For one thing, it accepts any eyepiece in the standard 1.25″ barrel size, so you can vary the magnification. And it is really, really well made, as one would expect from StellarVue. There are binoculars out there that are made to equal or better specifications, and there are binos that have interchangeable eyepieces, but they’re out of my price range so they don’t come in to this story. And you can put it on a tripod and look at things directly overhead without breaking your neck.
Also, having had the opportunity to compare the performance of the SV50 with that of my admittedly low-end 50mm binoculars, the image in the SV50 seems brighter. Possibly because it has fewer internal reflections to steal light from the path, possibly because it’s just a better made instrument, possibly because my binoculars are cheap. Whatever. I’m deliriously happy with the SV50.
The SV50 is 9.5″ long and weighs 1.5 lbs. By comparison, the C90 weighs 3.9 lbs fully loaded (i.e., with diagonal, eyepiece, and finder), and the Starmax 90 weighed 4.6 (the less said about the positively Brobdingnagian Starmax 102, the better). Crucially, this means the scope is light enough to ride comfortably on my little Manfrotto 785 tripod, which only weighs a couple of pounds itself.
And that’s good because the folded tripod is the same length as the scope, so it fits into a roughly equal space. I found a little travel shaving kit at Target that holds the scope, doubly wrapped in bubble wrap; the tripod; three eyepieces; the handle for the alt-az head that goes atop the tripod; my mini red flashlight (a mini Maglite painted over with red nail polish); and a small notebook and pen for recording observations. The only thing that doesn’t fit in the bag is the alt-az head itself, a DwarfStar from Universal Astronomics. Close enough, says me.
By comparison, the ~4 lb C90 and StarMax 90 require the beefier Manfrotto 190CXPRO4, which weighs 3 pounds and folds down to 21″. Which, okay, means you can still get away with scope, accessories, DwarfStar, and tripod for just under 9 lbs. But why settle for 9 when you can have 4.5? More importantly, I have not had the courage to put the bigger (and much more expensive) tripod in my carry-on luggage. For the love of Pete, I use a netbook as my primary computer because I hate carrying heavy stuff through airports. Anything that gives me adequate functionality at half the volume and mass, I will be on in a heartbeat.
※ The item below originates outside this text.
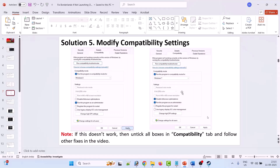Now if your problem is still not solved, then again go to the Compatibility tab, untick all these three boxes, hit Apply, OK, and then follow other fixes mentioned in this video.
For eyepieces I’ve been using the included 23mm eyepiece, yielding 9x; a 10mm Orion Plossl giving 20.5x; and a 6mm Orion Expanse giving 34x. At 9x the SV50 functions as its own finder and requires no other. At 20.5x the scope just gets out of the way and lets me observe. It is honestly one of the most hassle-free setups I’ve ever used. At 34x the optical train is starting to pant a bit. A focal ratio of f/4.1 is hard on eyepieces, especially widefields. The view is still acceptable but focus gets to be very touchy. Fortunately the built-in helical focuser is super-smooth, with no backlash, and is a real joy to use. At the end of the day the three eyepieces get rolled up in a Ziploc bag to fit into the small empty space between the scope and tripod.
So far my SV50 has only seen serious use away from home. In Uruguay I used it to do all of the observations for the Southern Sky Telescopic Club, and this weekend in Big Bear Lake I spent a pleasant hour chasing some Messiers. In fact, I’ve decided to re-observe all of the Messier objects with this scope. I don’t know how long it will take because it will absolutely require dark skies, which I don’t get to as often as I’d like, but I’ll just chip away at it as opportunities present themselves. In any case, I think my quest for the “no excuses telescope” has finally come to a happy end.
I don’t know what I’ll obsess about next, but if you stick around you’ll probably find out. Clear skies!